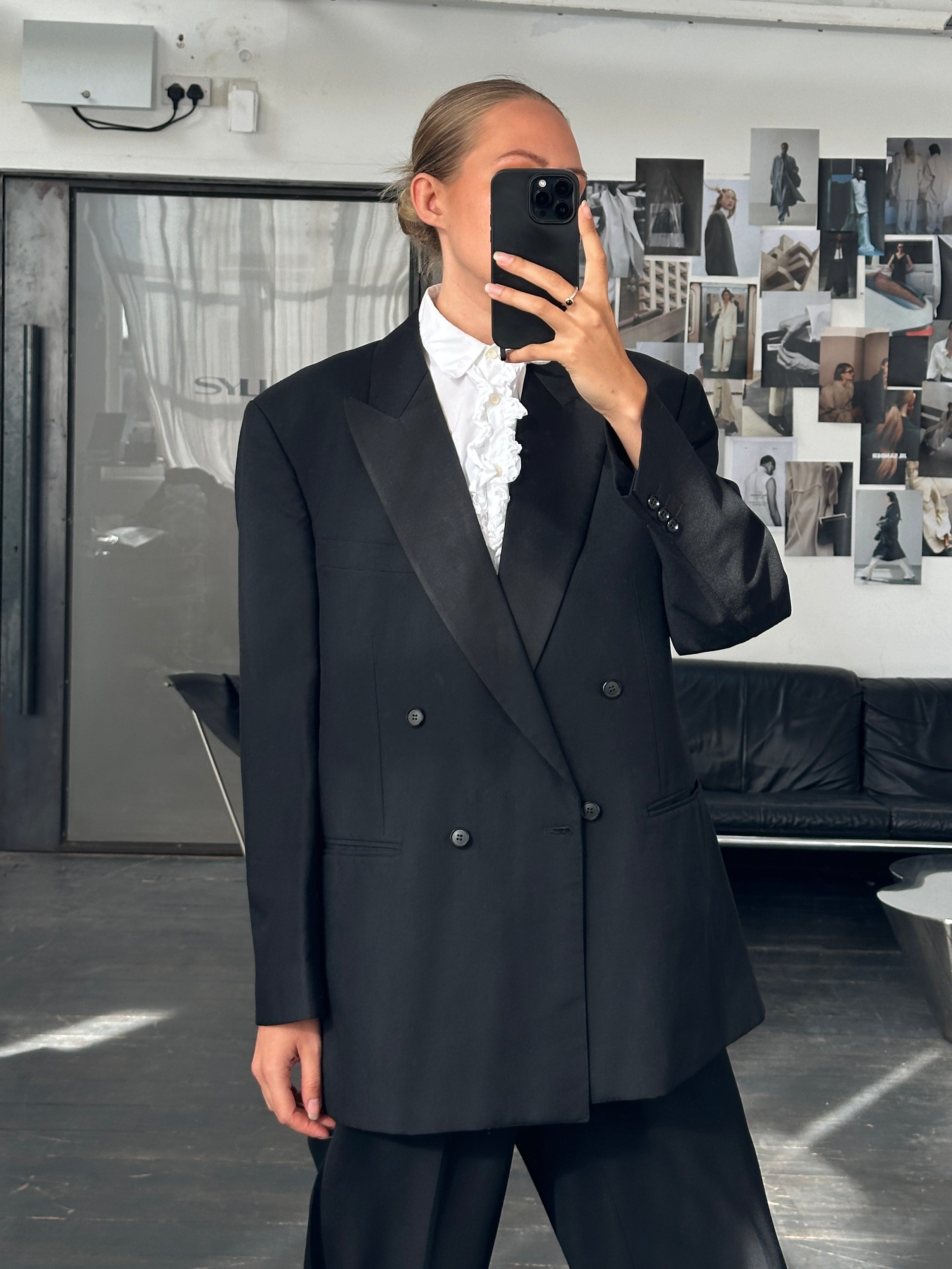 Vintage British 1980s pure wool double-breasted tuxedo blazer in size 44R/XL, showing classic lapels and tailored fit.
______
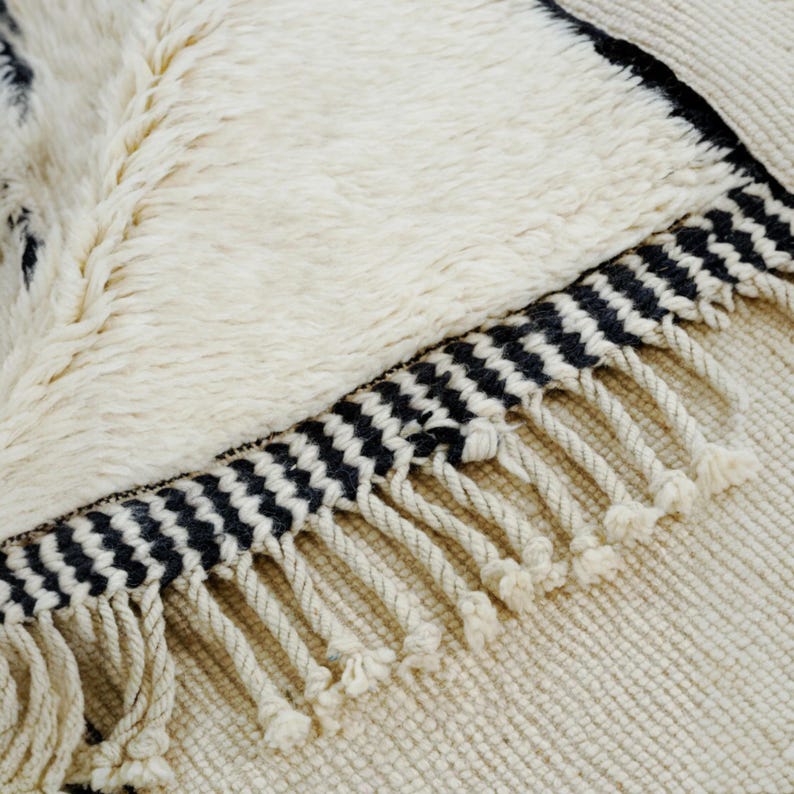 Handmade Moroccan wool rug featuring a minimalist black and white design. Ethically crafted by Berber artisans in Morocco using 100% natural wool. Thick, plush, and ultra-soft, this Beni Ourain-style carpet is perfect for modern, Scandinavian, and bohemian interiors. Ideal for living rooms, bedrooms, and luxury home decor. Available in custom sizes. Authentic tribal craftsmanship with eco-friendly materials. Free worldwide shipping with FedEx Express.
______
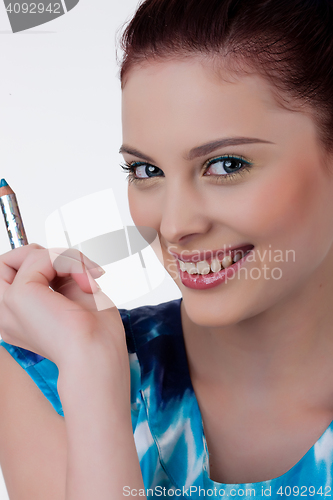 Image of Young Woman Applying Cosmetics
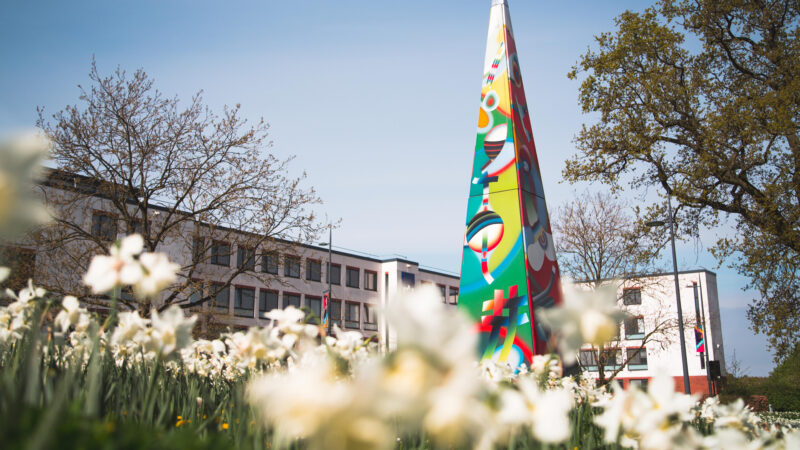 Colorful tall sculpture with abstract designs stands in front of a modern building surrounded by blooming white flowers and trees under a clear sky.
______
*What you have to do*: In the material above, the stretch from the line with "Image of Young Woman Applying Cosmetics" through the line with "Colorful tall sculpture" is to be given again exactly, minus the pictures.

*Reply to the exercise*:
 Image of Young Woman Applying Cosmetics
 Colorful tall sculpture with abstract designs stands in front of a modern building surrounded by blooming white flowers and trees under a clear sky.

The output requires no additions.